Neutral gas coma dynamics: modeling of flows and attempts to link inner coma structures to properties of the nucleus

TL;DR

This paper reviews models of neutral gas coma flows around comets, emphasizing how inner coma data can reveal surface properties and discussing the limitations and applications of different modeling approaches.

Contribution

It provides a comprehensive overview of both heuristic and physically consistent models for inner coma gas flow, highlighting their strengths and limitations.

Findings

Inner coma data can inform about nucleus surface properties.

Different models vary in complexity and applicability.
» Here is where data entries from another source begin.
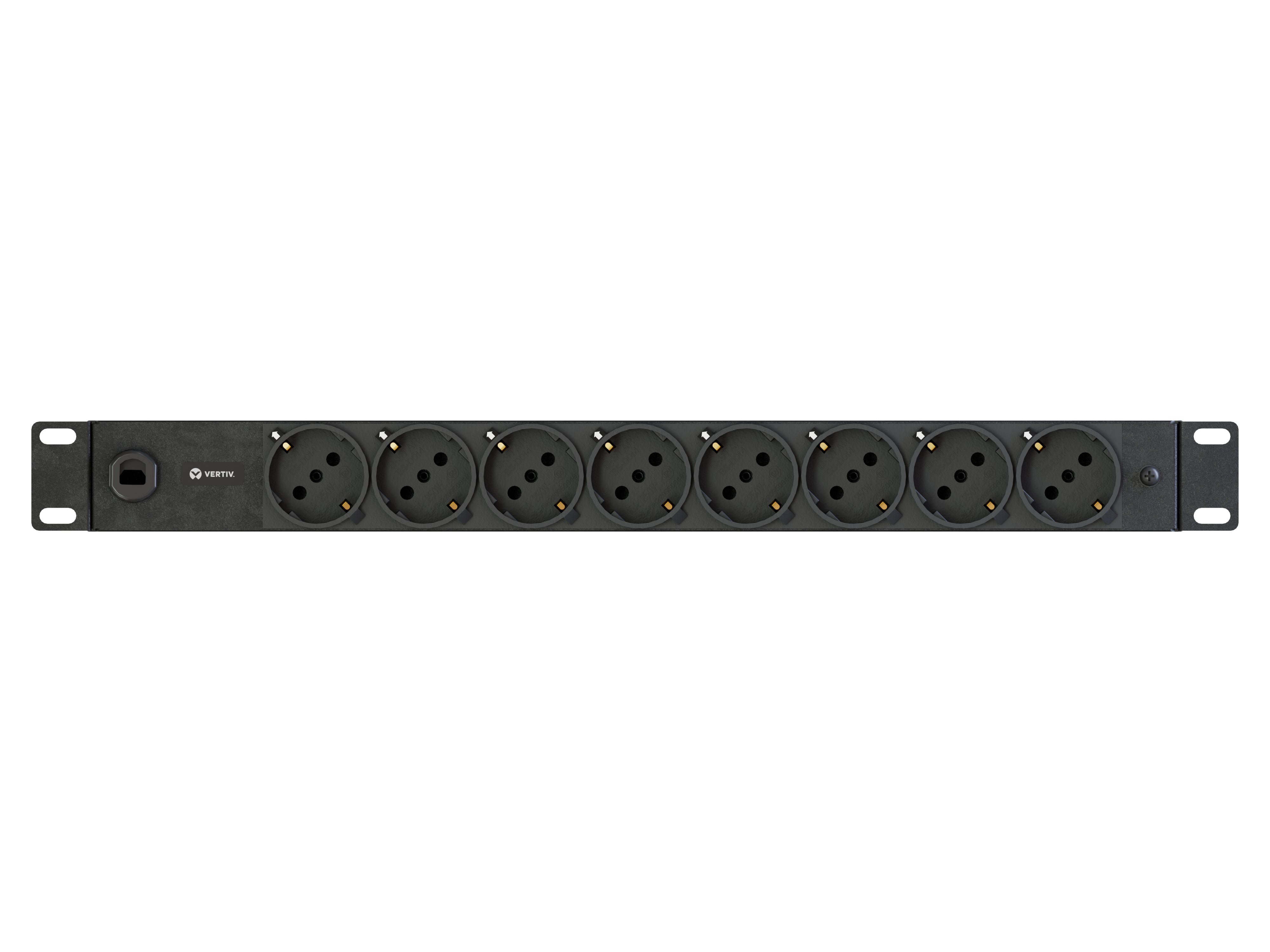 Vertiv PwrGo Rack PDU Basic 1U 16A 220V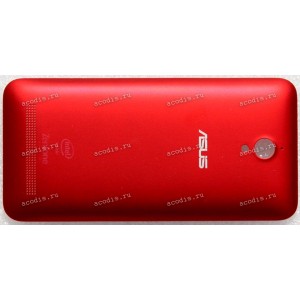 Задняя крышка Asus ZC451CG красная (13010-01720900) original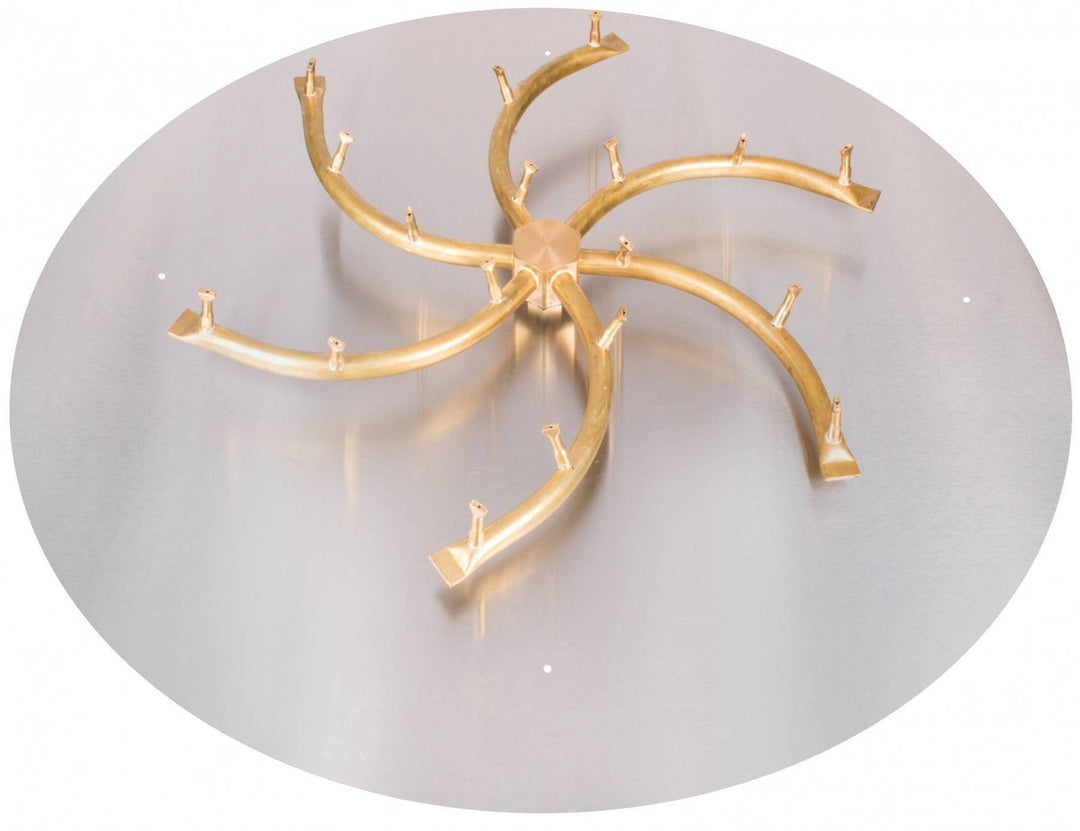 37" Sienna Fire Pit Table - Outdoor Fire and Patio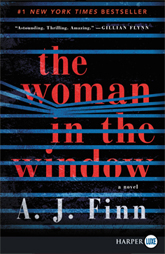 A good psychological thriller with twists and a few surprises.  Suspensful and fast-paced.   The Woman in the Window by A. J. Finn - #thriller, #reading, #books to read, #books
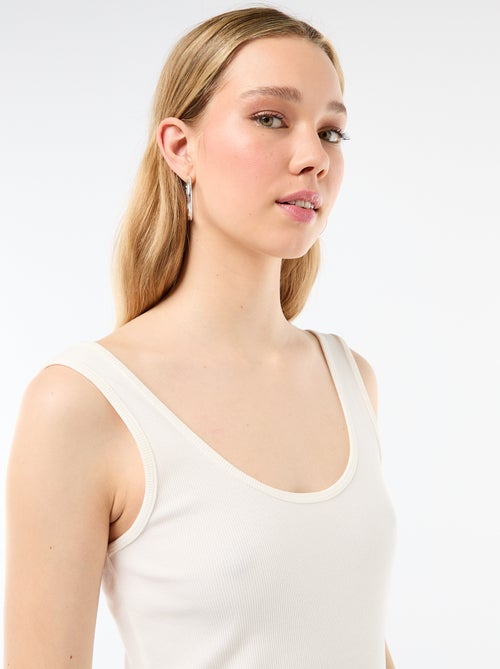 Top sem mangas - Kiabi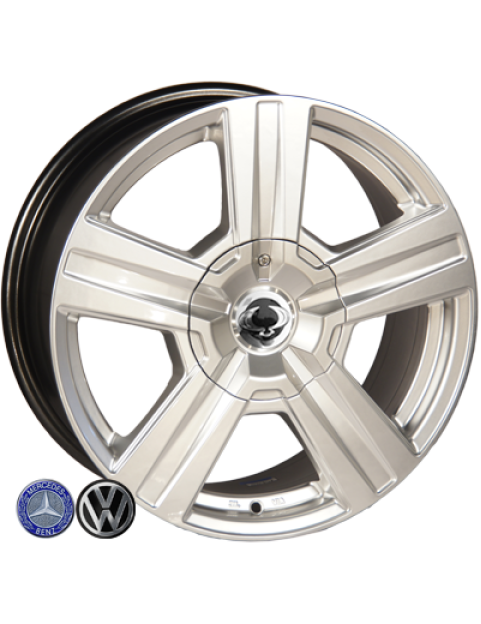 ZW 9103 HS R17 W7,5 PCD5x130 ET30 DIA84,1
Understanding coma flow models aids interpretation of remote sensing data.

Abstract

Deriving properties of cometary nuclei from coma data is of significant importance for our understanding of cometary activity and has implications beyond. Ground-based data represent the bulk of measurements available for comets. Yet, to date these observations only access a comet's gas and dust coma at rather large distances from the surface and do not directly observe its surface. In contrast, spacecraft missions are one of the only tools that gain direct access to surface measurements. However, such missions are limited to roughly one per decade. We can overcome these challenges by recognising that the coma contains information about the nucleus's properties. In particular, the near-surface gas environment is most representative of the nucleus. It can inform us about the composition, regionality of activity, and sources of coma features and how they link to the topography, morphology, or other surface properties. The inner coma data is a particularly good proxy because it has not yet, or only marginally, been contaminated by coma chemistry or secondary gas sources. Additionally, the simultaneous observation of the innermost coma with the surface provides the potential to make a direct link between coma measurements and the nucleus. If we hope to link outer coma measurements obtained by Earth-based telescopes to the surface, we must first understand how the inner coma measurements are linked to the surface. Numerical models that describe the flow from the surface into the immediate surroundings are needed to make this connection. This chapter focuses on the advances made to understand the flow of the neutral gas coma from the surface to distances up to a few tens of nuclei radii. We describe both simple/heuristic models and state-of-the-art physically consistent models. Model limitations and what they each are best suited for are discussed.